A look at the Snyder family’s court records offers some insight: The city’s various code-enforcement lawsuits hit walls after servers failed to make contact via Ted Snyder’s numerous false addresses, including the now-vacant Northeast Philly offices of Siegal & Drossner accounting and his sister’s former home in Lancaster. Enforcement efforts were gummed up for decades as the city vainly attempted to serve Snyder’s centenarian mother and dead father 21 times by certified mail sent to empty offices and alias residences.
The city has pursued Ted Snyder directly on only two occasions over the last decade, both times unsuccessfully. Both service attempts, for failure to renew a Business Privilege License, went to a dummy address: the home of Elias Stein.
For what it’s worth, sources say the Department of Licenses & Inspections (L&I) and the Old City District are launching a new strategy. The initiative would be modeled on a program implemented by the University City District, to more aggressively pursue blight by partnering with private developers to offer a carrot-and-stick approach. L&I spokesperson Maura Kennedy declined to discuss future strategies, but says the city has already begun to crack down on landlords.
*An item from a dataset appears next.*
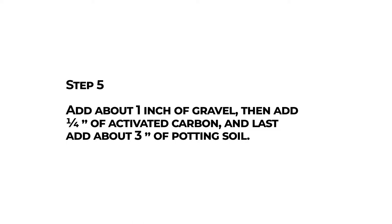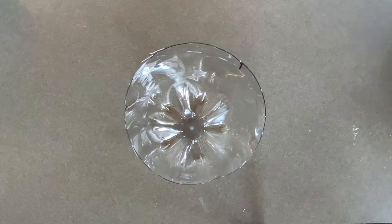Step five: add about one inch of gravel, then add a quarter inch of activated carbon, and last, add about three inches of potting soil.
“We went through recently as part of a block-by-block survey of Center City and cited every building that had a doors-and-windows violation,” she says, referring to legislation that requires structures on 80-percent-occupied blocks to have doors and windows — including 9 and 11 S. Second St., which are boarded up. Kennedy acknowledges the difficulty of tracking down owners, saying that the Office of Property Assessment — which furnishes L&I with ownership information — “has not always kept the best records.” But even when the citations reach their targets, they don’t always have their intended effect, as in Gordon’s still-boarded-up store on Third Street.
Gene Stein says he advised Gordon to develop the lot on Market Street long ago. “I told him to at least top it off and rent it as parking. He said, ‘Oh, it’d cost a fortune to fix that lot.’”
Stein, whose five-story building is empty apart from his little shop, has long thought of cashing out himself. He offers words that might be well heeded by any one of Old City’s geriatric slumlords: “I had a big offer seven years ago: They had my building at $1.2 million. I wish I had sold it, ’cause it’ll probably never be worth that much again,” Stein says. “Assets are good at a certain age, because they can grow. When you reach my age, it’s better just to have the cash.”